Animus domini: é preciso que o herdeiro se comporte como dono, arcando com encargos do imóvel, realizando manutenções e até benfeitorias.
Decurso do tempo: 15 anos de posse (ou 10 anos com boa-fé e justo título).
Ausência de oposição: os demais herdeiros devem ter permanecido inertes, sem adotar medidas que impeçam a consolidação da posse.
Esses elementos devem ser comprovados por meio de documentos (IPTU, contas de consumo, reformas, escritura pública de cessão de direitos hereditários, entre outros) e testemunhas.
O que acontece com os outros herdeiros?
O fato de um herdeiro adquirir um imóvel por usucapião não ocorre de forma automática. Os demais coerdeiros têm pleno direito de se opor ao pedido de usucapião, mas, para isso, precisam agir em tempo oportuno.
Se os demais herdeiros:
Não participam do inventário;
Não se opõem à posse exclusiva do outro;
Não reivindicam o uso comum do bem;
Não solicitam aluguel proporcional;
...o Judiciário poderá entender que houve tolerância ou renúncia tácita à posse, o que favorece o reconhecimento do direito do herdeiro possuidor.
Portanto, a inércia prolongada dos herdeiros pode ter como consequência a perda do direito à herança daquele bem, já que o instituto da usucapião tem por finalidade justamente regularizar situações de fato consolidadas pela passagem do tempo e pela ausência de litígios.
Como evitar a perda do bem por usucapião?
Para os herdeiros que não ocupam o imóvel, é essencial adotar medidas que demonstrem sua intenção de exercer o domínio:
Ingressar com pedido de inventário e solicitar a partilha do bem;
Opor-se formalmente à posse exclusiva do outro herdeiro (judicial ou extrajudicialmente);
Requerer o uso compartilhado do imóvel ou propor ação de divisão;
Reivindicar aluguel proporcional ao seu quinhão hereditário.
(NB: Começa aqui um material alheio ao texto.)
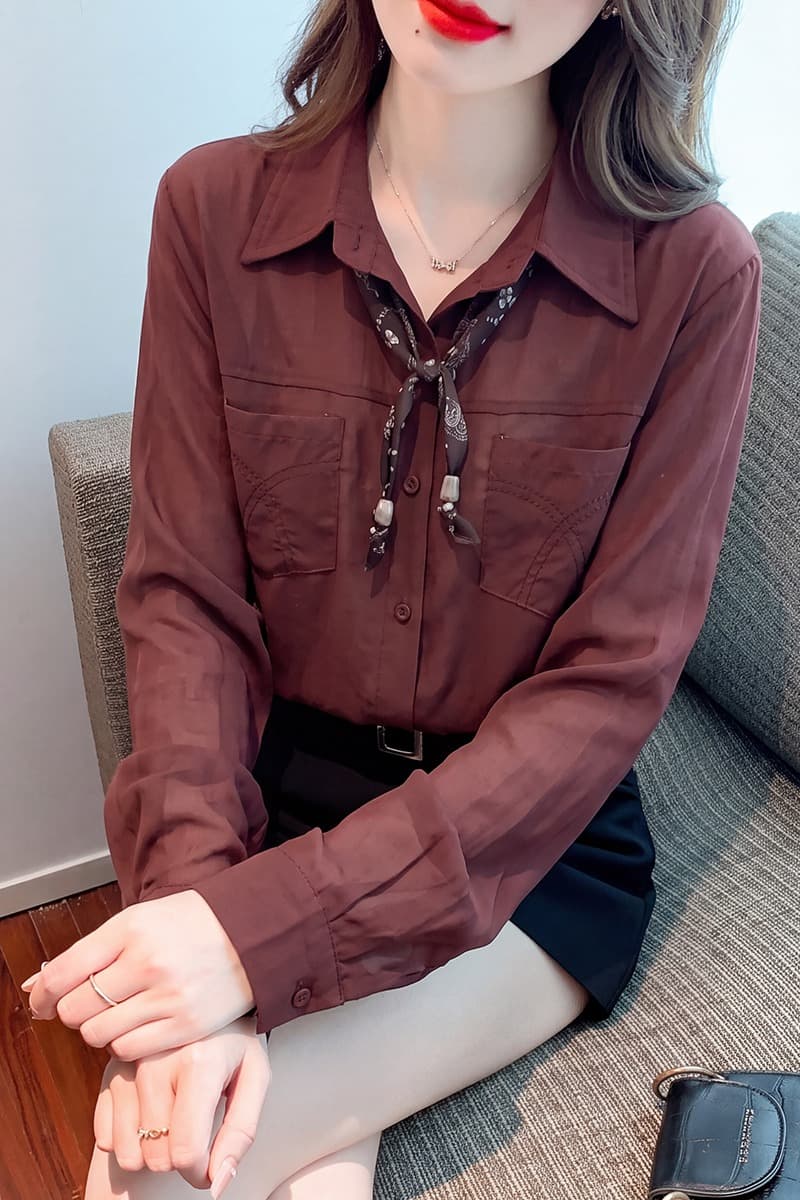 한 부서 패션 긴팔 밑단 펌프 로프 여성 셔츠 2026 가을 새로운 루즈핏 슬림해 보이는 캐주얼 품격 맨위 이미지 7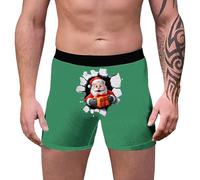 Novelty Boxers for Men- Woven Boxers for Men- Underwear Loose Festive Costumes Plus Size Design Trunks Christmas Special Boyshort Style Soft 3d Novelty Xmas Underpants Breathable Comfortable Retro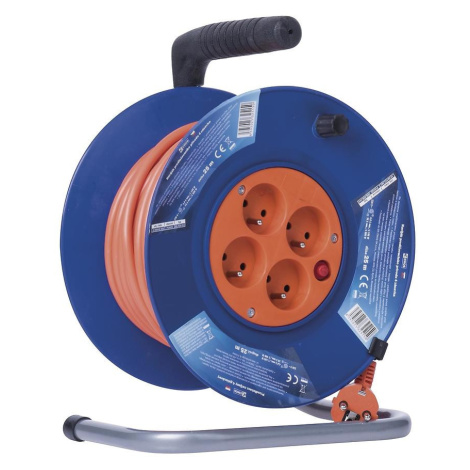 Prodlužovací kabel na bubnu 25 m / 4 zásuvky / červený / PVC / 230 V / 1,5 mm2 BAUMAX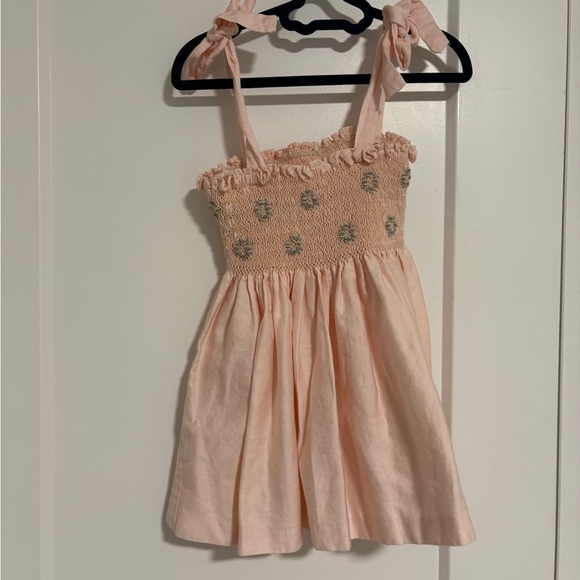 Aloaa Handmade Cotton Smocked Summer Pink Kids Dress Girl's Size 12 Months - Picture 4 of 8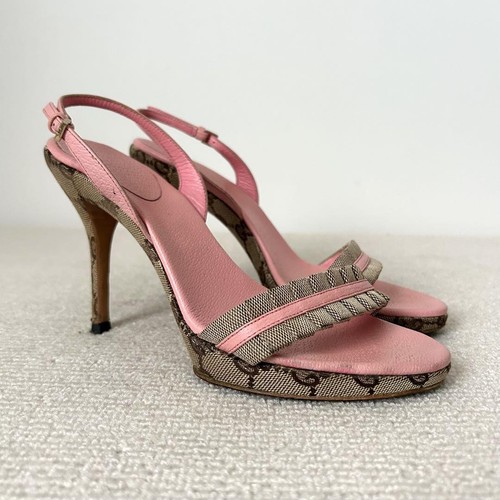 GUCCI Mules Sandals Heel GG Canvas/Leather Multicolor EU36/US6 79899c - Picture 4 of 24
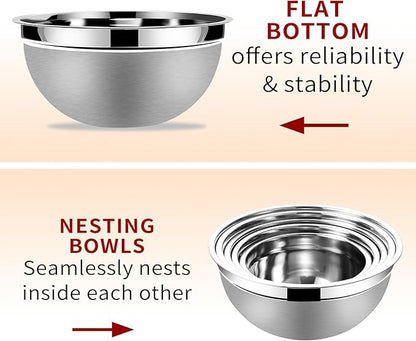 Lazycorner Stainless Steel Mixing Bowls with Airtight Lids Set of 7 Stainless Steel Bowls Set with 3 Grater Attachments Great for Serving & Baking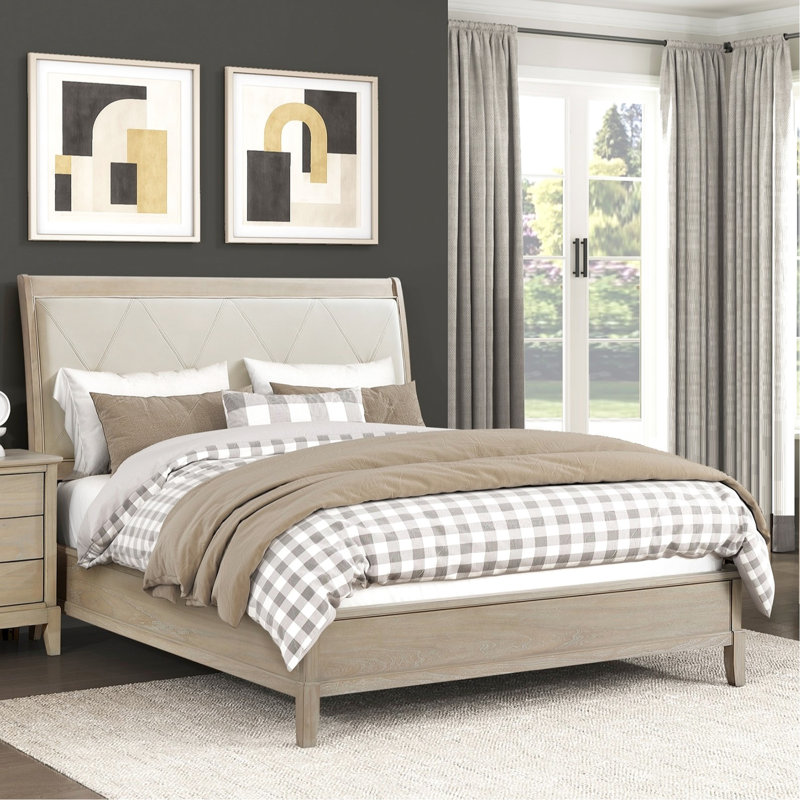 Cadre de grand lit beige avec tête de lit tapissier en similicuir de style classique et rails pour la chambre à coucher, Full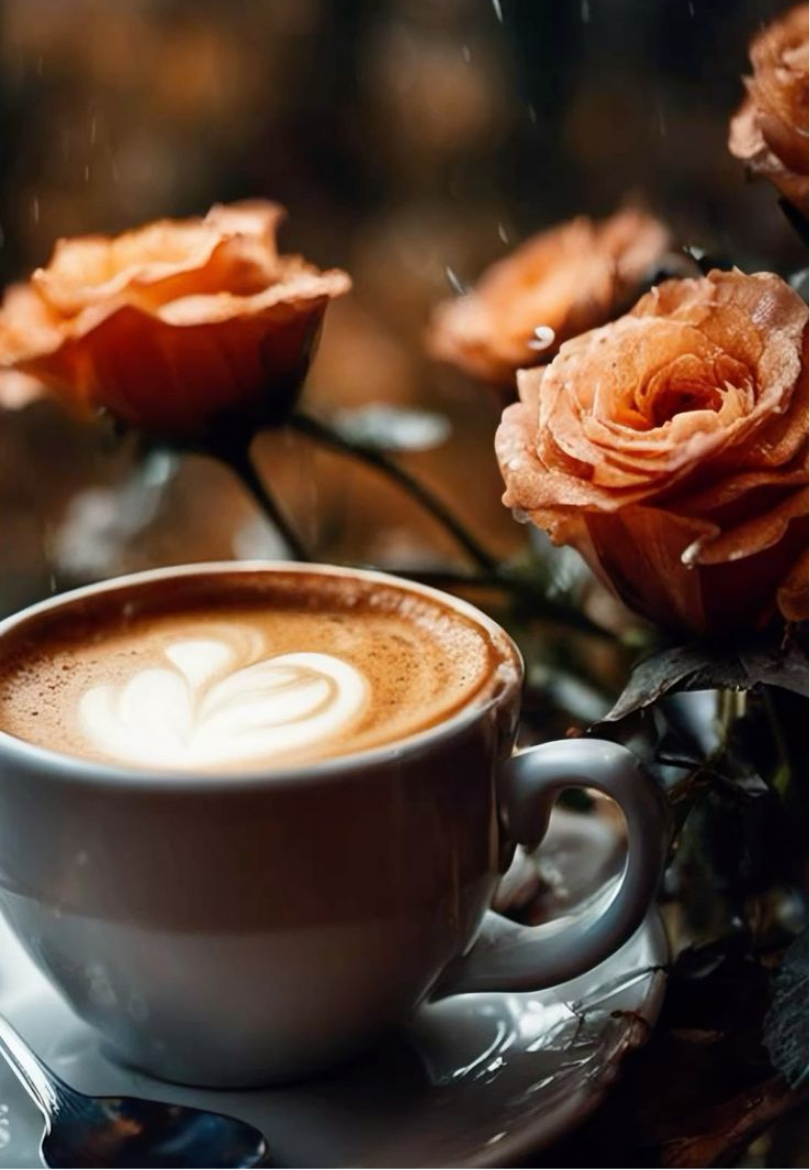 Cappuccino & Roses Greeting Card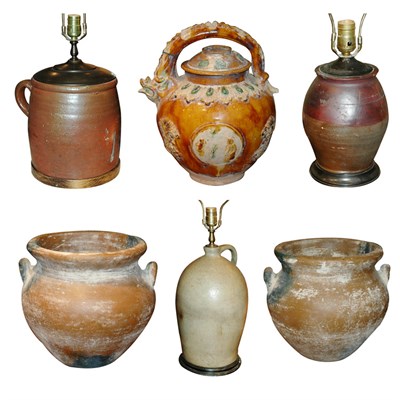 Lot 95 - Group of Six Ceramic Vessels Three mounted as...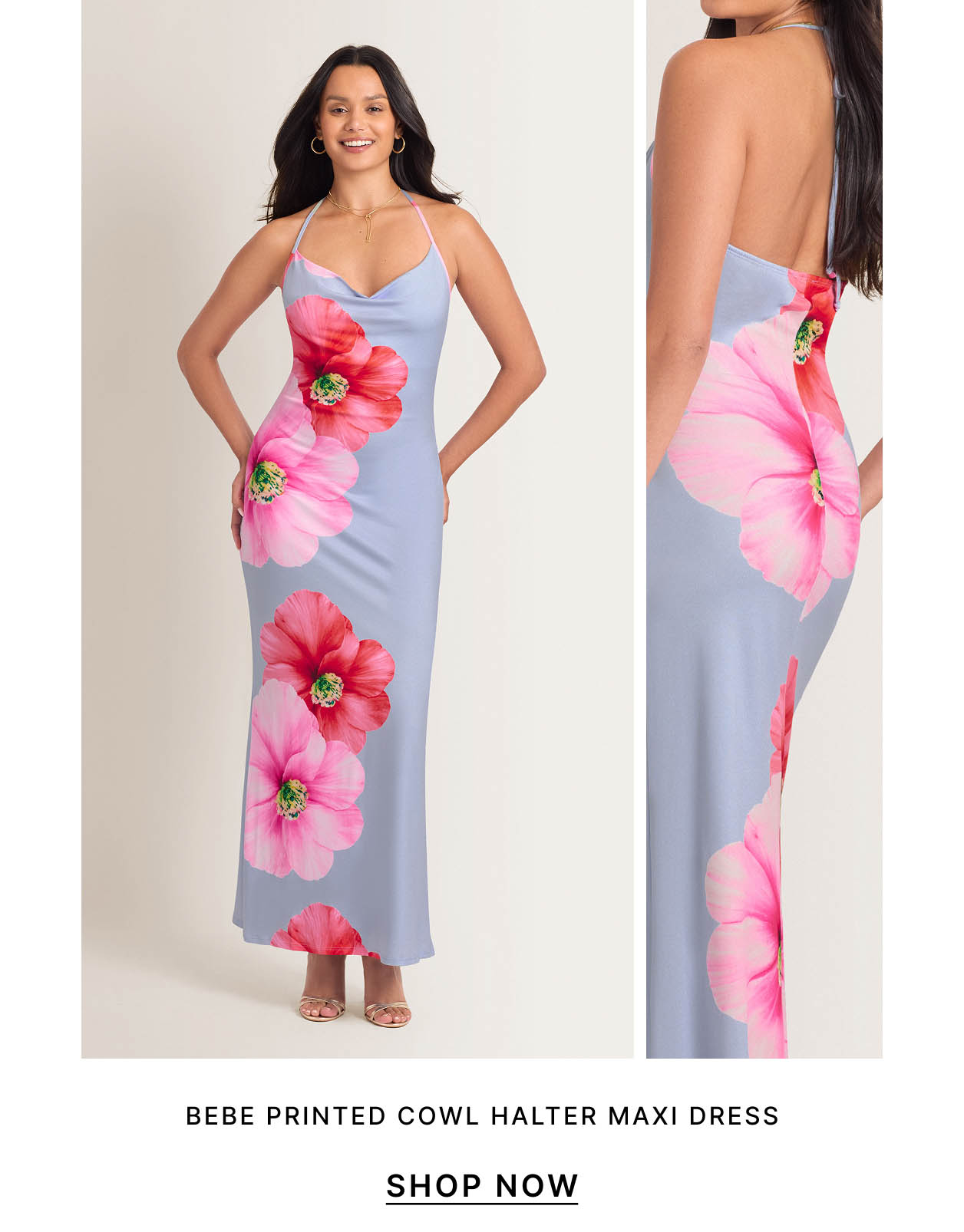 bebe Printed Cowl Halter Maxi Dress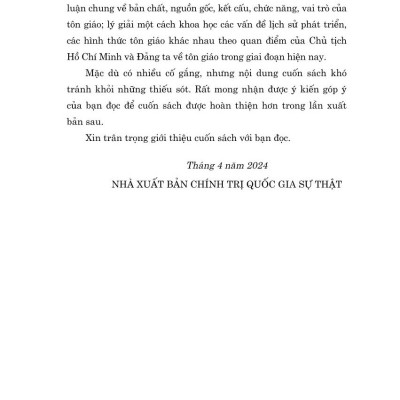 Giáo trình tôn giáo (bản in 2024)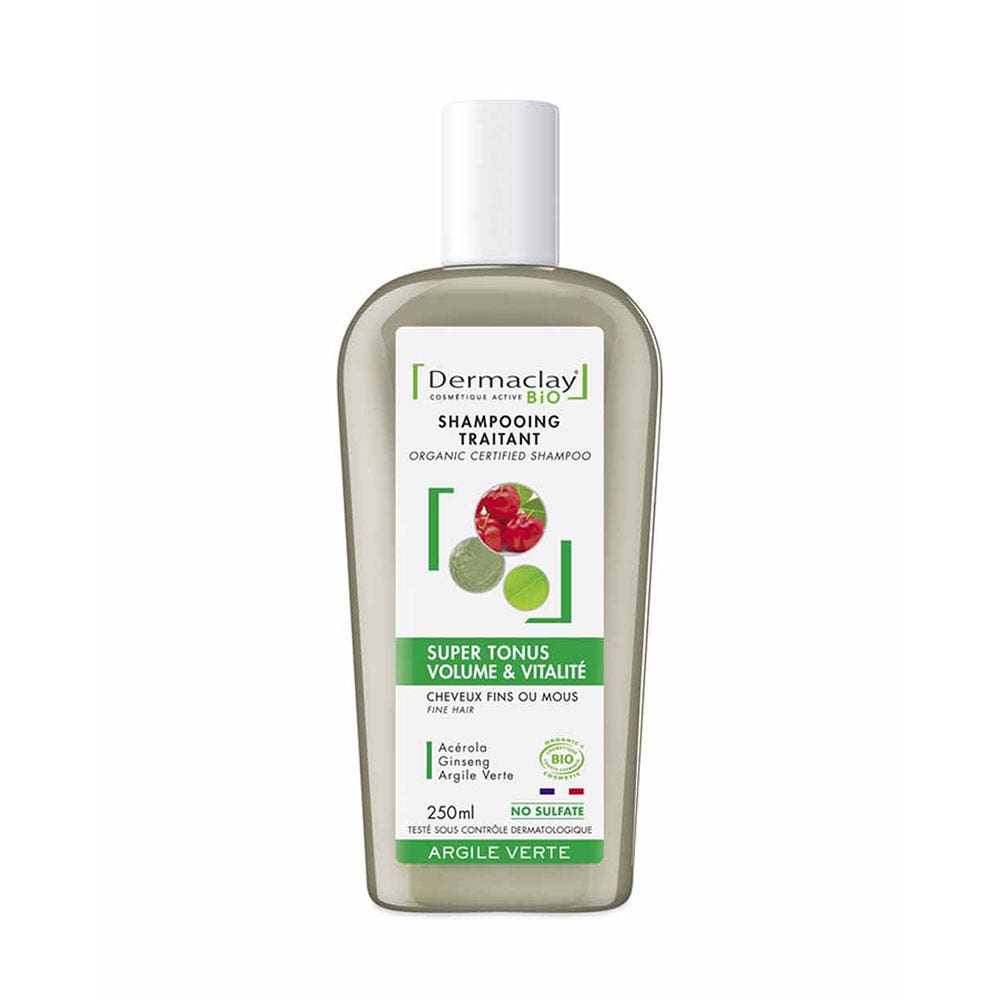 Dermaclay Champu Bio Arcilla Verde Revitalizante Cabello Fino O Apagado Super Tonus 250ml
Essas ações interrompem a contagem do prazo para fins de usucapião e reforçam que o bem continua em estado de indivisão legítima.
Conclusão
A decisão do STJ representa mais um importante passo para o reconhecimento da realidade das relações familiares e sucessórias no Brasil. Muitos imóveis permanecem em situação de abandono jurídico por décadas, o que leva ao agravamento de disputas familiares e insegurança jurídica.
O herdeiro que mora sozinho no imóvel e arca com todos os encargos, quando cumpre os requisitos legais, pode buscar a usucapião como forma de regularizar a propriedade. Ao mesmo tempo, os demais herdeiros devem se manter vigilantes quanto ao seu direito à herança, pois a inércia pode ter consequências irreversíveis.
Por isso, é fundamental conhecer seus direitos, agir no tempo certo e, quando necessário, buscar o auxílio de um profissional especializado.
Fonte: AgInt no AREsp 2.355.307/SP, Rel. Min. Raul Araújo, 4ª Turma, julgado em 27/06/2024, DJe 01/07/2024.